Pastoral: Kasper auf seinem eigenen Feld schlagen
Die elf Kardinäle wollen, soweit es bekannt ist, Kardinal Kasper auf dem von ihm gewählten Kampffeld schlagen, dem der Pastoral. Der deutsche Kardinal behauptete und behauptet weiterhin die Lehre nicht anrühren, sondern „nur“ die Pastoral verändern zu wollen. Inzwischen wurde diese These vielfach widerlegt, da ein grundlegender Eingriff in die Pastoral durch die allgemeine Praxis automatisch die Lehre verändert. Die elf Kardinäle befassen sich mit Fragen, wie jenen geholfen werden kann, die von ihrem Ehepartner verlassen worden sind und dennoch ihrem Ehebund treubleiben. Eine Kernfrage der neuen Publikation soll auch sein, wie die Ehevorbereitung verbessert werden kann, die sich als offensichtlich unzulänglich erwiesen hat. Dabei geht es auch um die Frage, wie die Ehevorbreitung auf die Situation nur geringfügig oder kaum religiös unterwiesener junger Menschen reagieren kann, die zudem stark von einer verweltlichten Kultur geprägt sind.
Die Veröffentlichung des Buches ist für die zweite Septemberhälfte vorgesehen. In Italien wird es, wie es aussieht, erneut vom 2014 scharf angegriffenen Verlag Cantagalli herausgegeben. Es sind wiederum Übersetzungen in verschiedene Sprachen geplant. Bleibt zu hoffen, daß der Versuch, das Buch der elf Kardinäle allen Synodenteilnehmern zukommen zu lassen, dieses Mal erfolgreicher ist. Das Buch der fünf Kardinäle kam im vergangenen Jahr nie bei den Synodalen an. Schuld müsse die Post sein, ließ Kardinal Baldisseri, der Generalsekretär der Bischofssynode wissen. Andere vermuteten vielmehr, daß die Synodenregie die Auslieferung verhinderte, im Klartext Baldisseri selbst.

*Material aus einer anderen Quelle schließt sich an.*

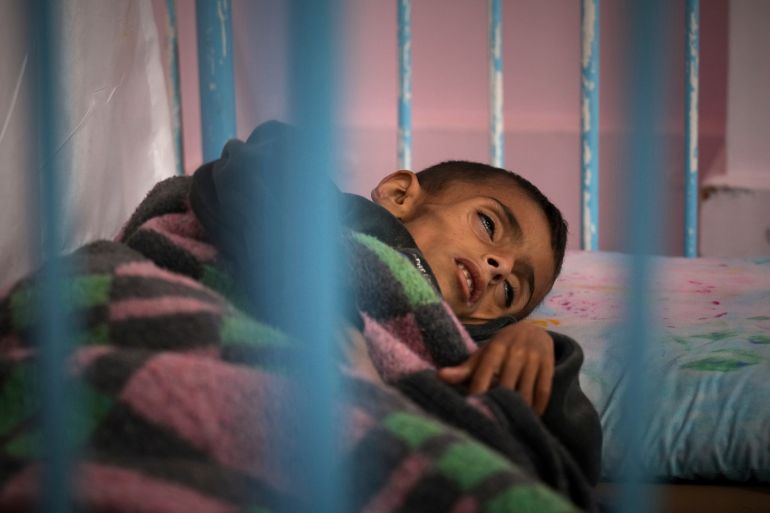 ap_6818755f7d89b-1746433375 Osama al-Raqab, 5, whose mother says his cystic fibrosis has worsened since the start of the war due to the lack of meat, fish and enzyme tablets to help him digest food, is being treated at the malnutrition clinic in Nasser hospital, Khan Younis, Gaza, on Thursday, May 1, 2025. (AP Photo/Abdel Kareem Hana)
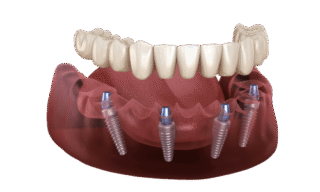 All-on-four-fixed-Zirconia https://lovenewsmiles.com/wp-content/uploads/2025/09/All-on-four-fixed-Zirconia-320x192.png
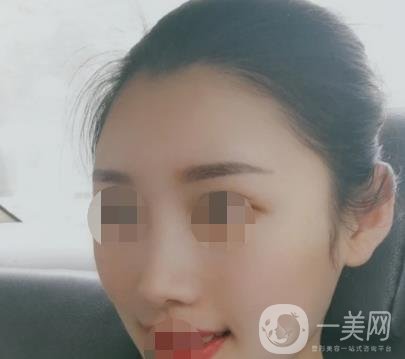 青醫(yī)附院王彥進(jìn)去痣怎么樣？?jī)r(jià)格表及*果展示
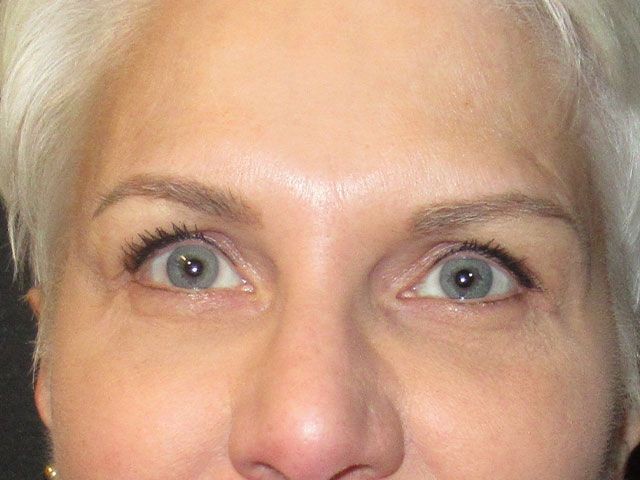 Under Eye Before & After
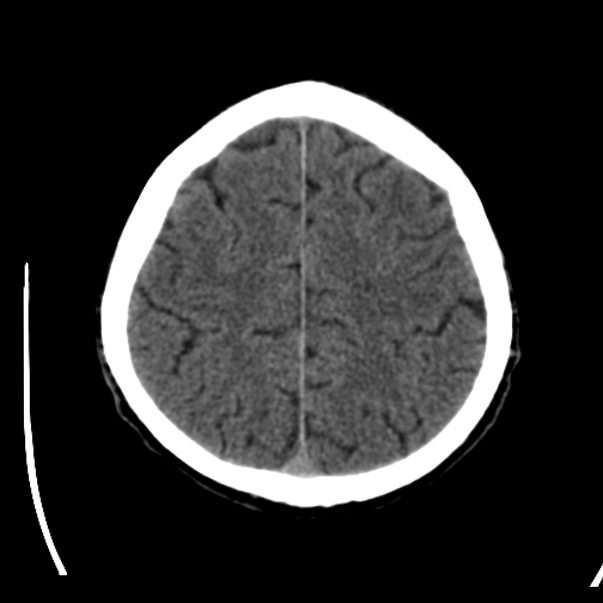 Brain metastases from lung cancer (Radiopaedia 24480-24781 Axial non-contrast 39).jpg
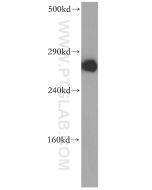 ITPR1-specific Polyclonal antibody Proteintech  19962-1-AP
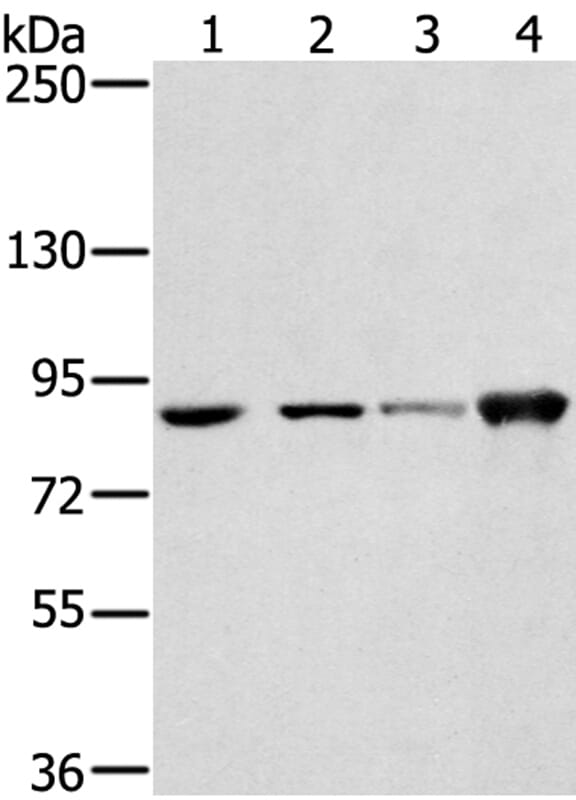 Gel: 6%SDS-PAGE Lysates (from left to right): 823, PC3, 231 and hepg2 cell. Amount of lysate: 40ug per lane Primary antibody: 1/250 dilution Secondary antibody dilution: 1/8000Exposure time: 20 seconds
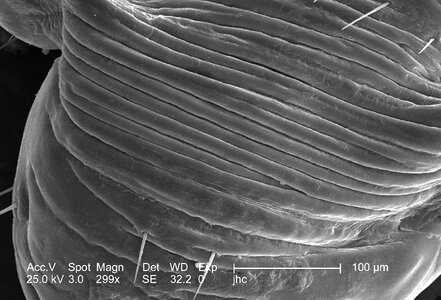 Louse male surface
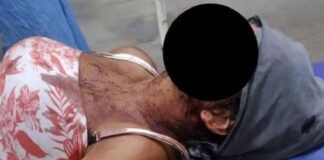 Mujer recibió brutal golpiza de su novio - NA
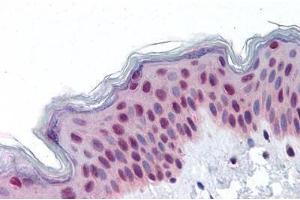 Human Skin: Formalin-Fixed, Paraffin-Embedded (FFPE) (RUVBL2 抗体  (AA 304-458))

Nova patria Christi Africa
Bleibt nach wie vor die Frage im Raum, wer der große Regisseur im Hintergrund ist. Nicht wenige tippen auf Papst Franziskus selbst, der sich offiziell noch nicht zur Frage der Kommunion für die wiederverheirateten Geschiedenen geäußert hat. Eine lange Reihe von indirekten Aussagen, Gesten und Handlungen zeigt ihn jedoch als Förderer von Kardinal Kasper und dessen These.
Zur Bischofssynode wird noch ein weiteres Buch erscheinen, das ebenfalls elf Kardinäle und Bischöfe zu Autoren hat. Alle stammen aus Afrika und wollen mit der Publikation die Stimme Afrikas hörbar machen. Ein Kontinent, der entschlossen ist, für die katholische Ehe- und Morallehre zu kämpfen und sich als „nova patria Christi Africa“ bezeichnet.